Exercise inputs =
....
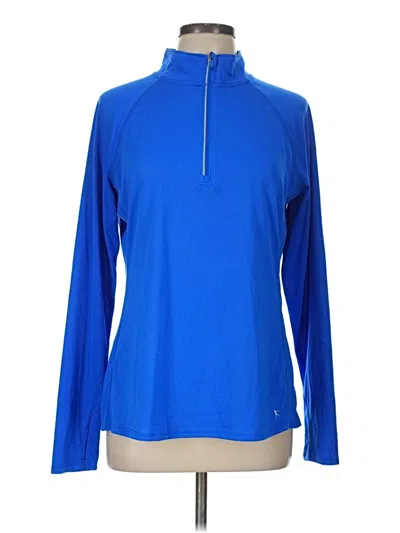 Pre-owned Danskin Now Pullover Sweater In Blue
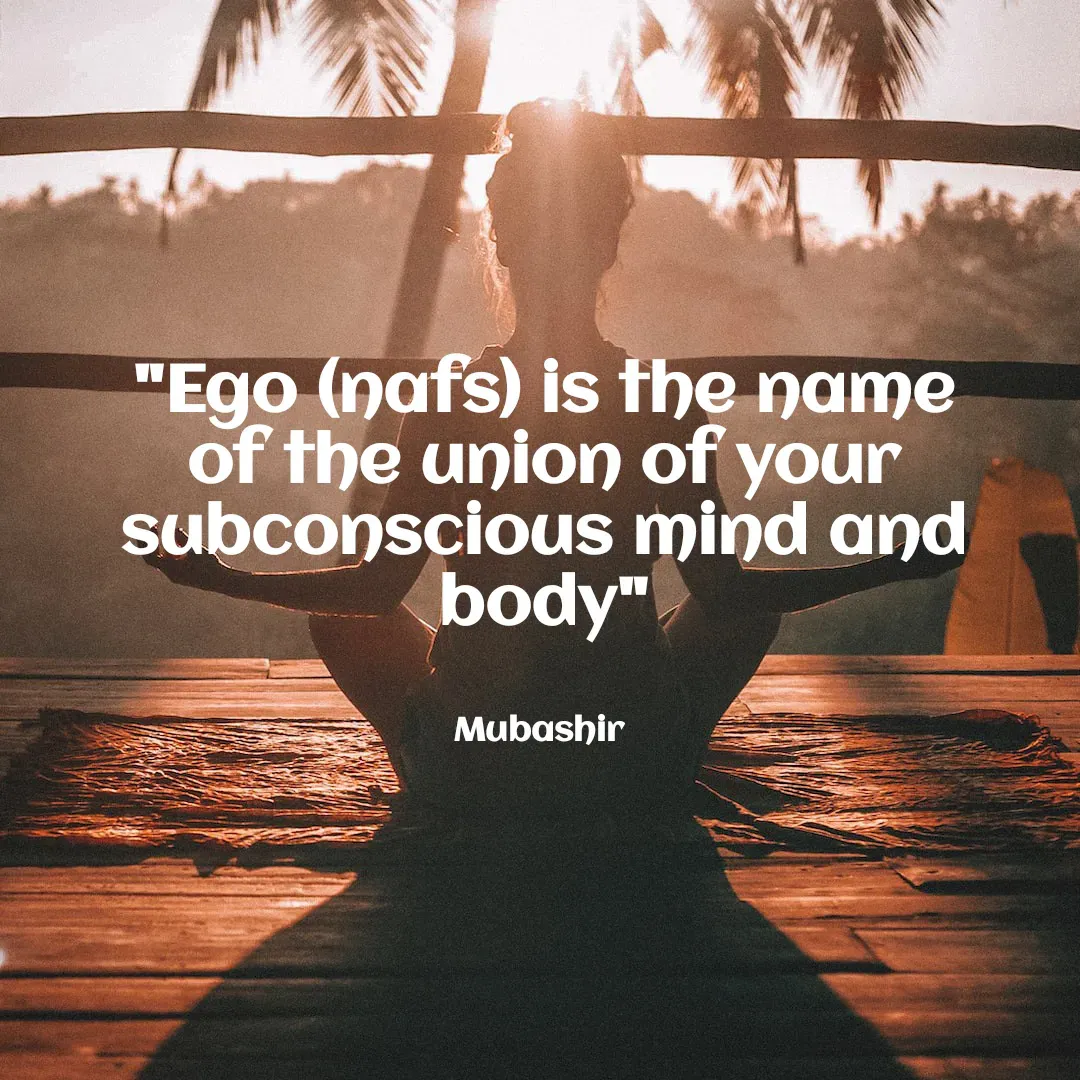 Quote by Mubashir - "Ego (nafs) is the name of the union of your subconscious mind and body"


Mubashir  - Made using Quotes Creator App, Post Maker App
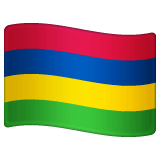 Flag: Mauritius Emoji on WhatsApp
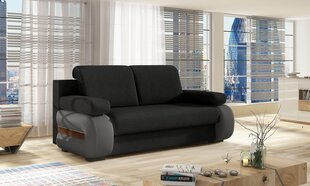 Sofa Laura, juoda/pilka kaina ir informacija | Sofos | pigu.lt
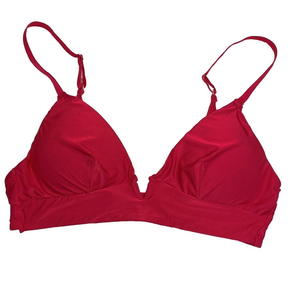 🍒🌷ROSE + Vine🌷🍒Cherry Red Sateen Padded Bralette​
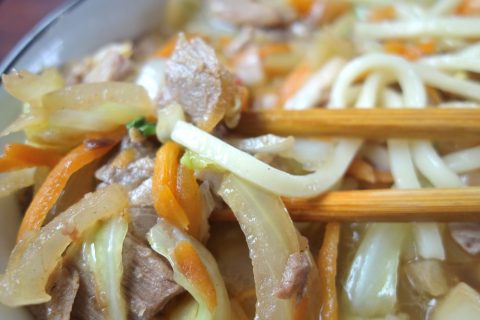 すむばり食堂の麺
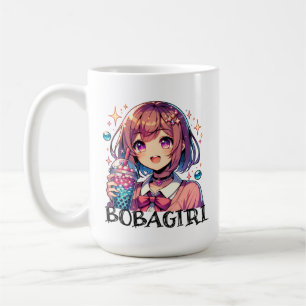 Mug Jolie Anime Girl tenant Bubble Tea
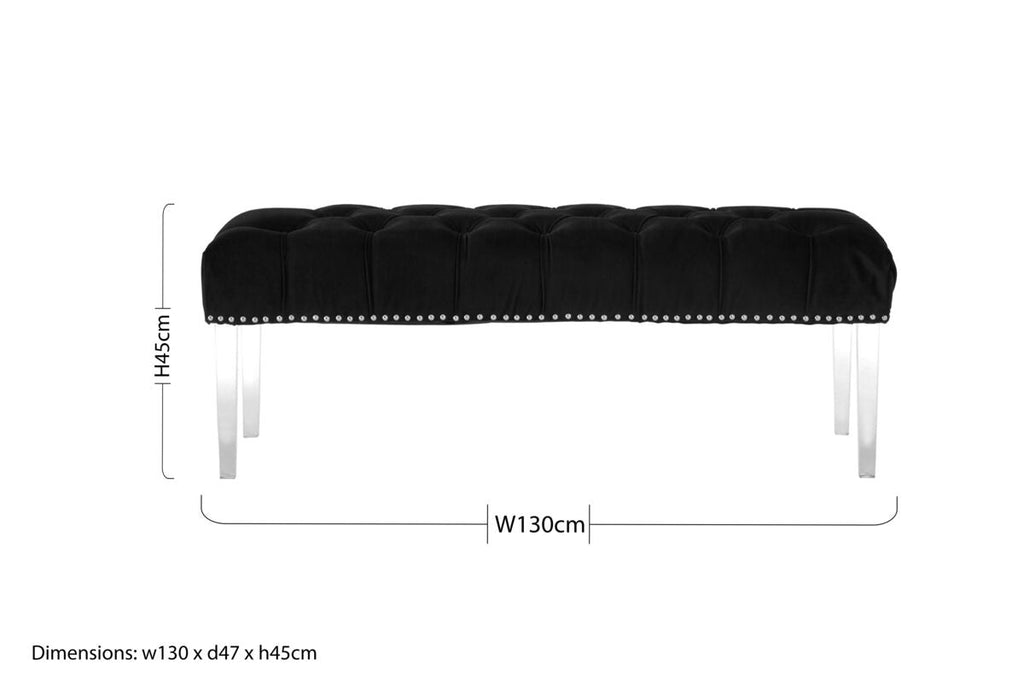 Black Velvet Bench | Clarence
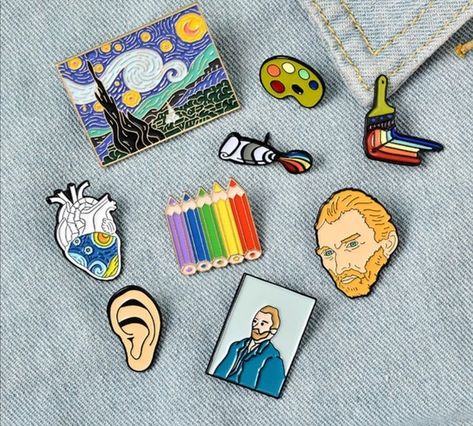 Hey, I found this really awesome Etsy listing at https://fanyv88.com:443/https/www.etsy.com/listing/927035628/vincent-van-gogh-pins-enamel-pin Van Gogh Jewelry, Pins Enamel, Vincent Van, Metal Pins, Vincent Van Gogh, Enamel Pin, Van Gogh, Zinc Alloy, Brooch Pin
....
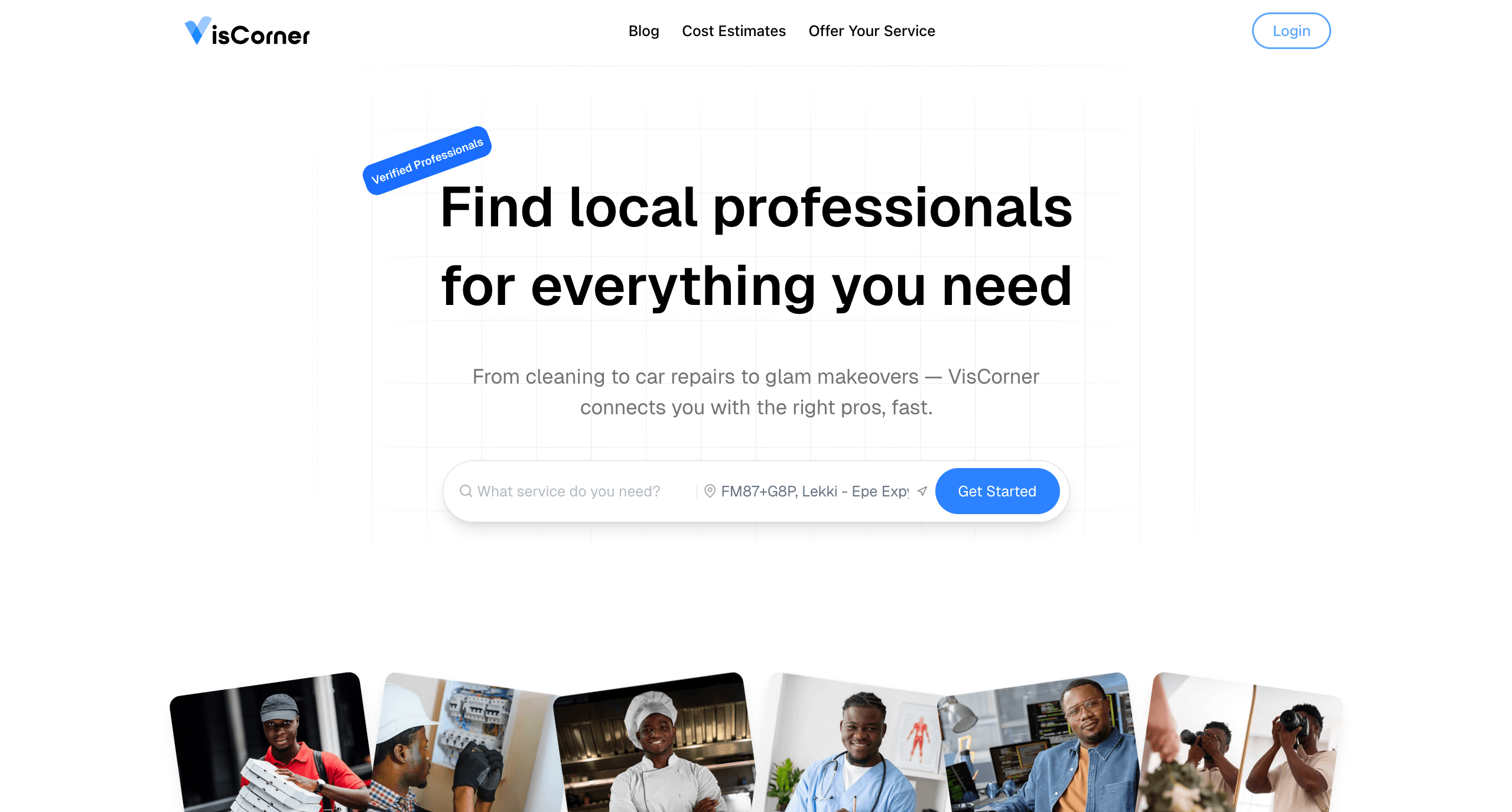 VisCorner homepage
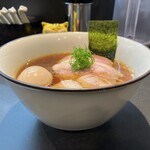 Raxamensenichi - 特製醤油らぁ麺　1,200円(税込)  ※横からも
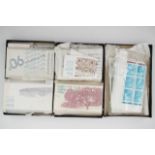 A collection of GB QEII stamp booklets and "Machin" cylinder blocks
....
Using the data above, give again exactly the lines starting at the one holding "Pre-owned Danskin Now" and ending at the one holding "Hey, I found", inclusive, and nothing more. Omit the pictures.

 Pre-owned Danskin Now Pullover Sweater In Blue
 Quote by Mubashir - "Ego (nafs) is the name of the union of your subconscious mind and body"


Mubashir  - Made using Quotes Creator App, Post Maker App
 Flag: Mauritius Emoji on WhatsApp
 Sofa Laura, juoda/pilka kaina ir informacija | Sofos | pigu.lt
 🍒🌷ROSE + Vine🌷🍒Cherry Red Sateen Padded Bralette​
 すむばり食堂の麺
 Mug Jolie Anime Girl tenant Bubble Tea
 Black Velvet Bench | Clarence
 Hey, I found this really awesome Etsy listing at https://fanyv88.com:443/https/www.etsy.com/listing/927035628/vincent-van-gogh-pins-enamel-pin Van Gogh Jewelry, Pins Enamel, Vincent Van, Metal Pins, Vincent Van Gogh, Enamel Pin, Van Gogh, Zinc Alloy, Brooch Pin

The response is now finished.